The expected output is an exact copy of the lines from the one containing "Little Boy's &" to the final line below, minus any pictures.

AVAILABLE DATA:
>>>>>

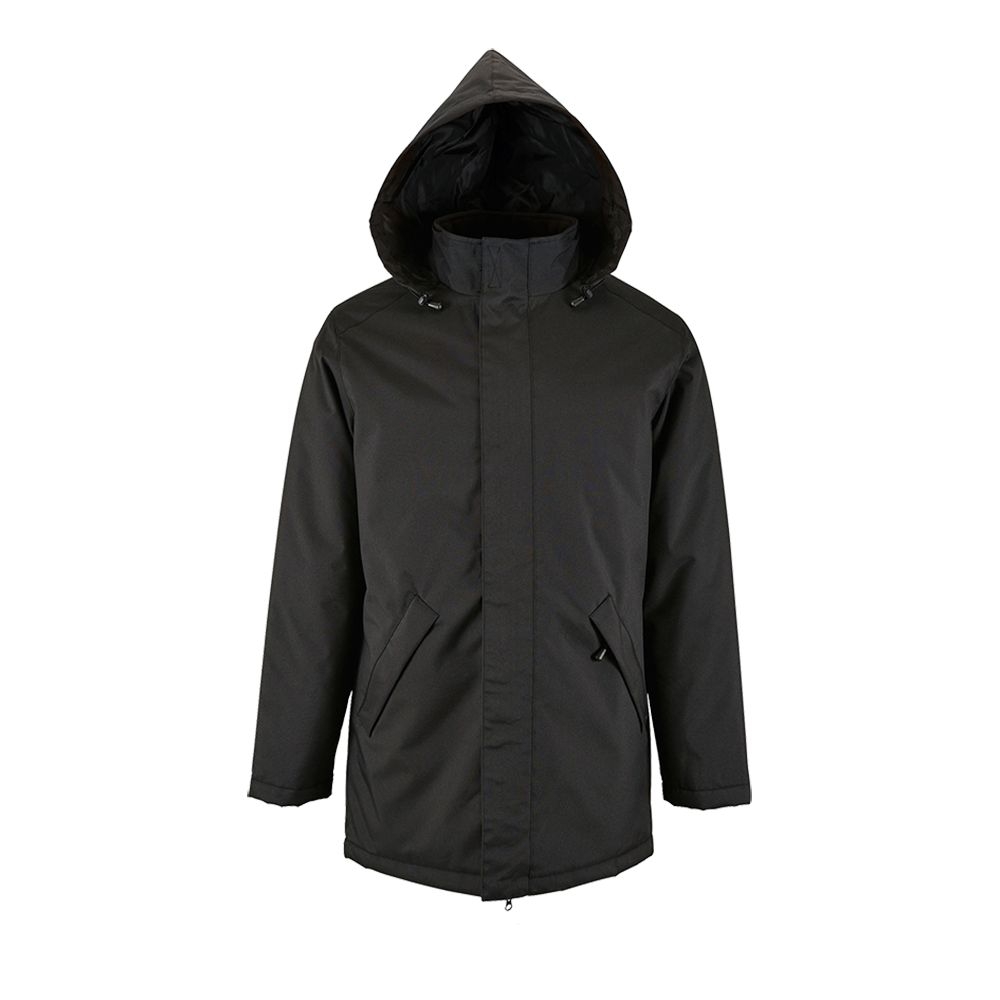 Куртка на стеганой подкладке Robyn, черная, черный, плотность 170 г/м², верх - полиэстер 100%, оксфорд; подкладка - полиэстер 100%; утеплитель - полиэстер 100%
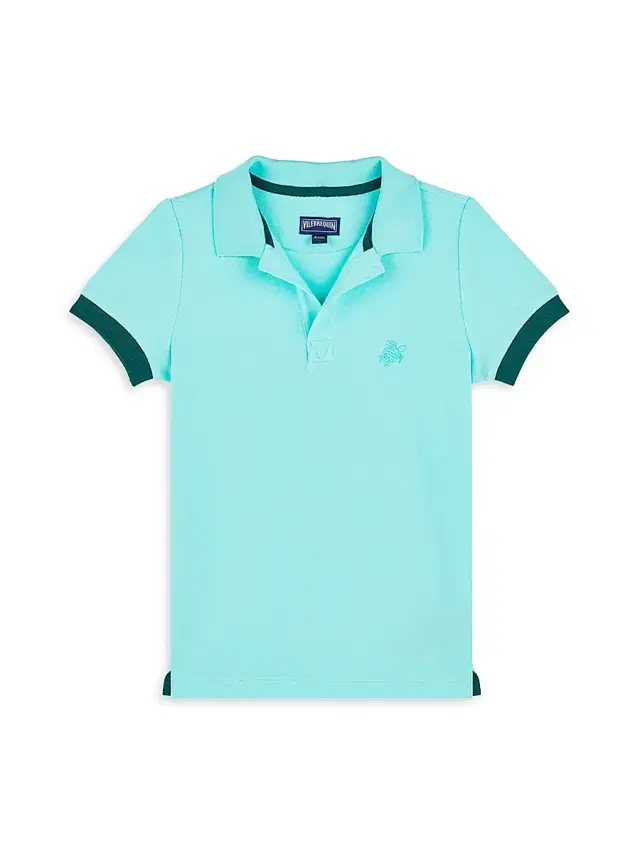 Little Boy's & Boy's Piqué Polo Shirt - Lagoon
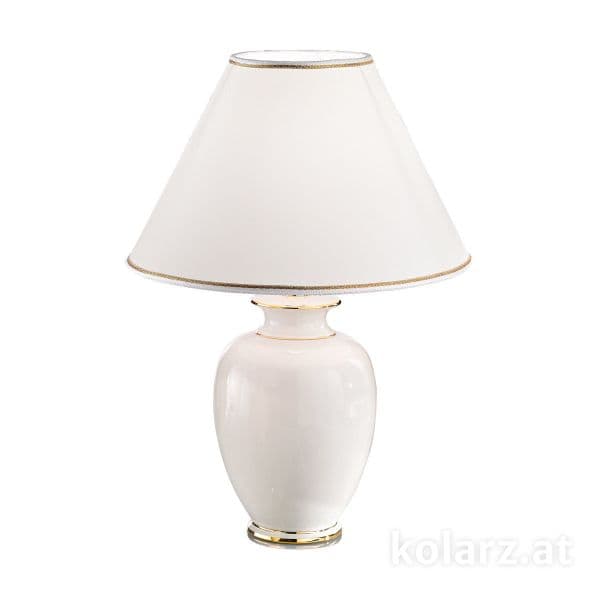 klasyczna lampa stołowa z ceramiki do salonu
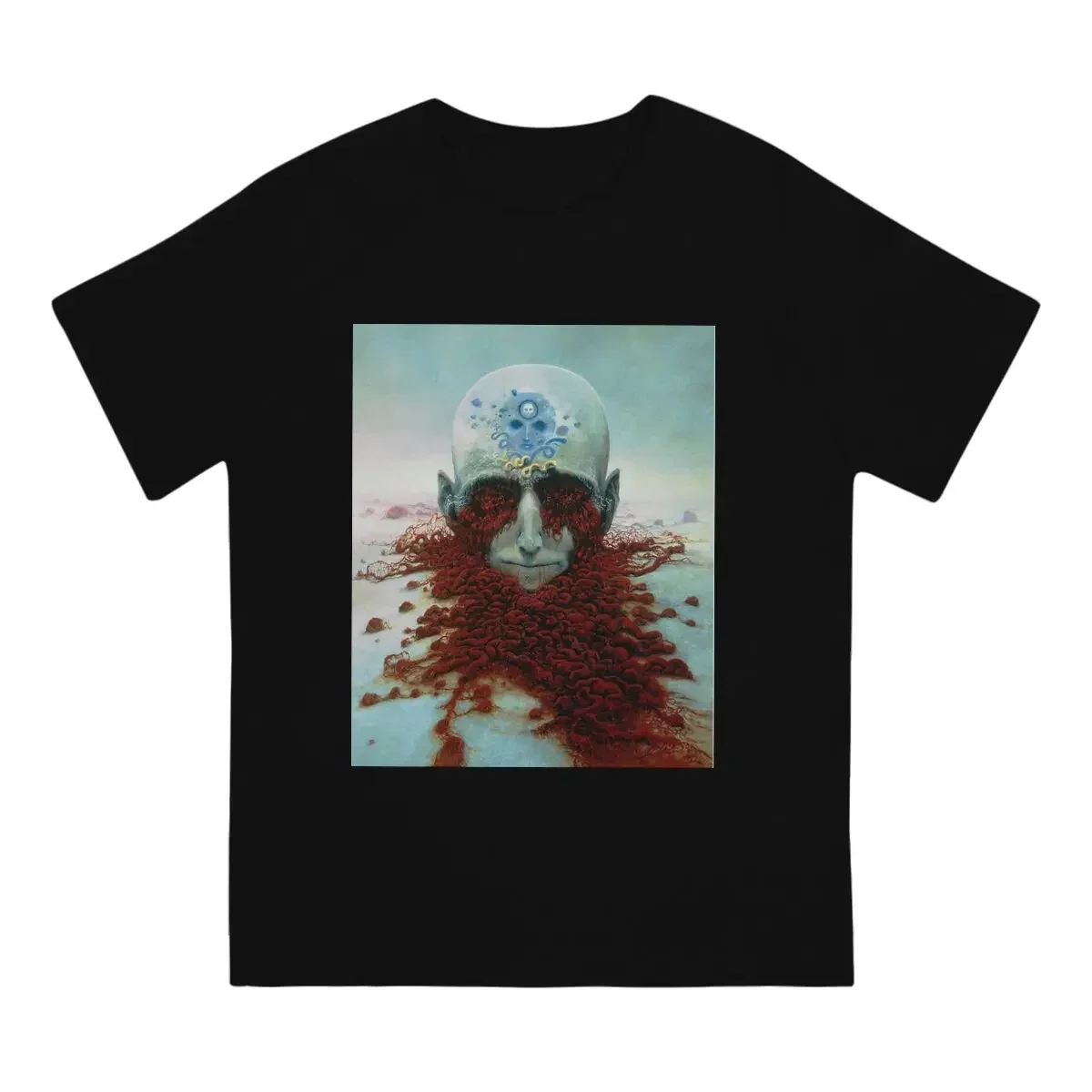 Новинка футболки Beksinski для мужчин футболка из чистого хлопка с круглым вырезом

<<<<<

OUTPUT FOR THIS TASK:
 Little Boy's & Boy's Piqué Polo Shirt - Lagoon
 klasyczna lampa stołowa z ceramiki do salonu
 Новинка футболки Beksinski для мужчин футболка из чистого хлопка с круглым вырезом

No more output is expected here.